Traditionally sensitive to budget announcements, the yellow metal remained largely steady on Monday, reflecting a cautious market mood rather than any fresh trigger. While there were no major surprises for the bullion market, the government’s emphasis on fiscal discipline and growth kept prices confined to a narrow band.
As of February 2, gold rates across purities remained unchanged from the previous session, indicating that traders are waiting for clearer global and domestic cues before taking fresh positions.
Gold prices today across purities
Gold prices on Monday were steady across all major categories:
- 24 karat gold: Rs. 16,058 per gram
- 22 karat gold: Rs. 14,720 per gram
- 18 karat gold: Rs. 12,044 per gram
There was no change in prices compared to Sunday, underscoring the consolidation phase after last week’s sharp swings.
From record highs to a steep correction
Gold’s current calm comes after a turbulent end to January. The metal had touched a recent high of Rs. 17,885 per gram for 24 karat gold on January 29 before witnessing a sharp pullback.
Within three trading sessions, prices corrected by nearly 10.2 percent. On a weekly basis, 24 karat gold fell by around Rs. 1,827 per gram, while 22 karat gold dropped roughly Rs. 1,675 per gram from their respective highs. Market participants attribute this decline largely to aggressive profit booking and relatively stable global bond yields.
Despite the correction, gold prices are still more than 18 percent higher on a year-on-year basis, highlighting the strong rally seen over the past twelve months.
MCX gold and silver futures remain volatile
On the Multi Commodity Exchange, gold futures continued to trade in a tight range, suggesting consolidation rather than a trend reversal. April gold futures slipped Rs. 1,496, or 0.98 percent, to close intraday at Rs. 1,50,849 per 10 grams, compared with the previous close of Rs. 1,52,345.
Even after the fall, MCX gold remains about Rs. 29,930 below its all-time high of Rs. 1,80,779 per 10 grams, underlining the scale of the recent pullback.

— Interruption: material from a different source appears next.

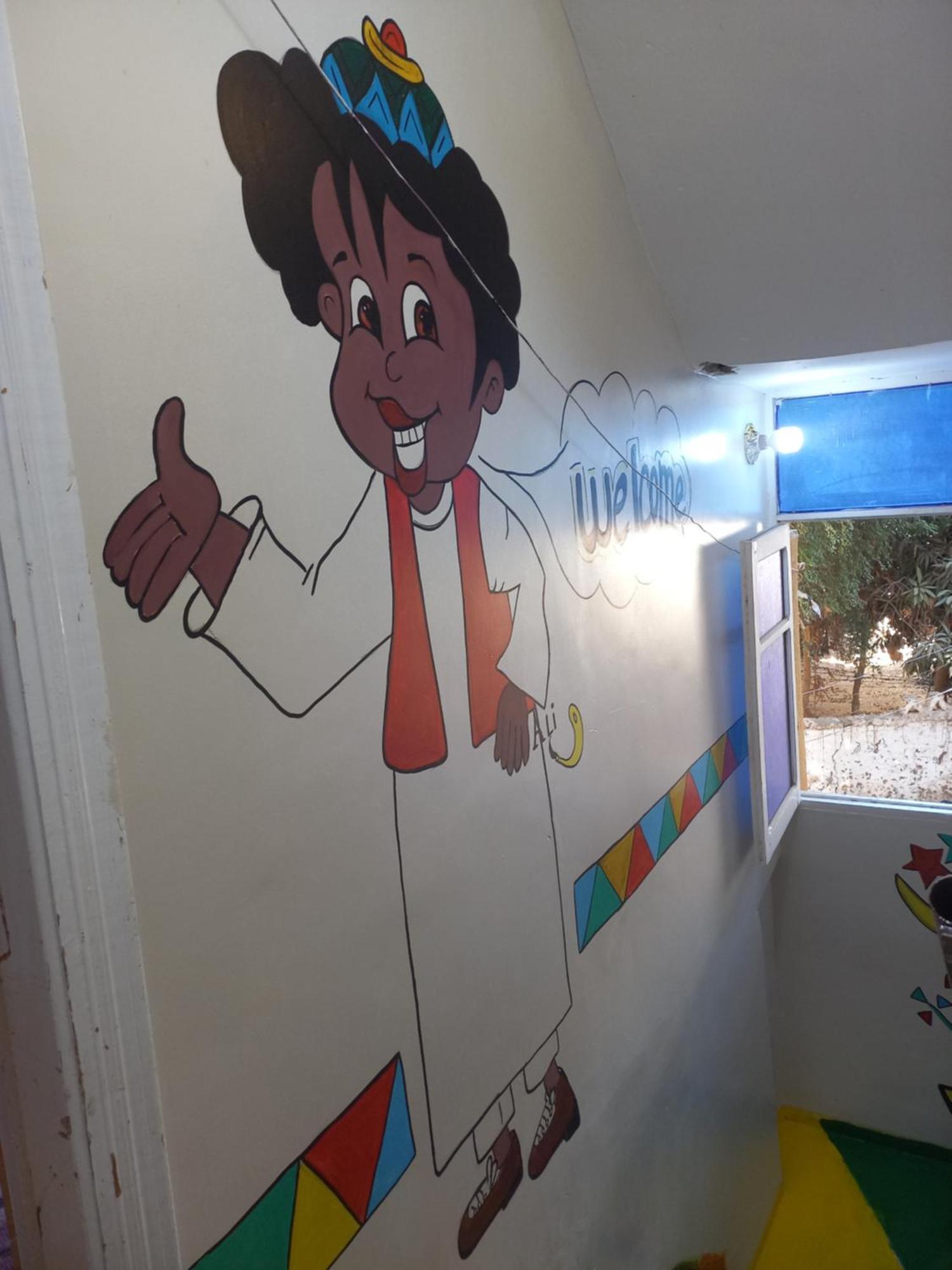 Charming Nubian Guest House Aswan Exterior photo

Silver, however, has seen far sharper moves. March silver futures settled at Rs. 2,91,922 per kg, down by Rs. 1,28,126 or nearly 30.5 percent from the record high of Rs. 4,20,048 per kg. Analysts point to uncertainty around industrial demand and heavy profit booking as key reasons behind silver’s heightened volatility.
Budget day crash and ETF impact
Gold and silver futures had plunged between 6 and 9 percent during the Budget day session, hitting lower circuits in early trade. Gold prices dropped by over Rs. 10,600 per 10 grams within the first hour, while silver fell by Rs. 26,273 per kilogram. This sharp fall was attributed to a global market rout, margin hikes by the CME Group and pre-Budget profit booking.
The sell-off also spilled over into exchange-traded funds. Several gold ETFs declined by as much as 16 percent in early trade, while silver ETFs dropped between 14 and 16 percent, reflecting panic selling by short-term investors.
City-wise gold rates today (Rs per gram)
Mumbai
- 24K: Rs. 16,058
- 22K: Rs. 14,720
- 18K: Rs. 12,044
Delhi
- 24K: Rs. 16,073
- 22K: Rs. 14,735
- 18K: Rs. 12,059
Chennai
- 24K: Rs. 16,255
- 22K: Rs. 14,900
- 18K: Rs. 12,800
Kolkata
- 24K: Rs. 16,058
- 22K: Rs. 14,720
- 18K: Rs. 12,044
Bengaluru
- 24K: Rs. 16,058
- 22K: Rs. 14,720
- 18K: Rs. 12,044
Hyderabad
- 24K: Rs. 16,058
- 22K: Rs. 14,720
- 18K: Rs. 12,044
City-wise silver rates today
Major cities
- Delhi: Rs. 3,50,000 per kg
- Mumbai: Rs. 3,50,000 per kg
- Pune: Rs. 3,50,000 per kg
- Chennai: Rs. 4,18,900 per kg
- Ahmedabad: Rs. 3,50,000 per kg
- Lucknow: Rs. 3,50,000 per kg
- Gurgaon: Rs. 3,50,000 per kg
Overall, bullion markets remain cautious in the immediate aftermath of the Union Budget. While prices have stabilised for now, traders and investors are closely tracking global cues, currency movements and interest rate expectations to gauge the next direction for gold and silver.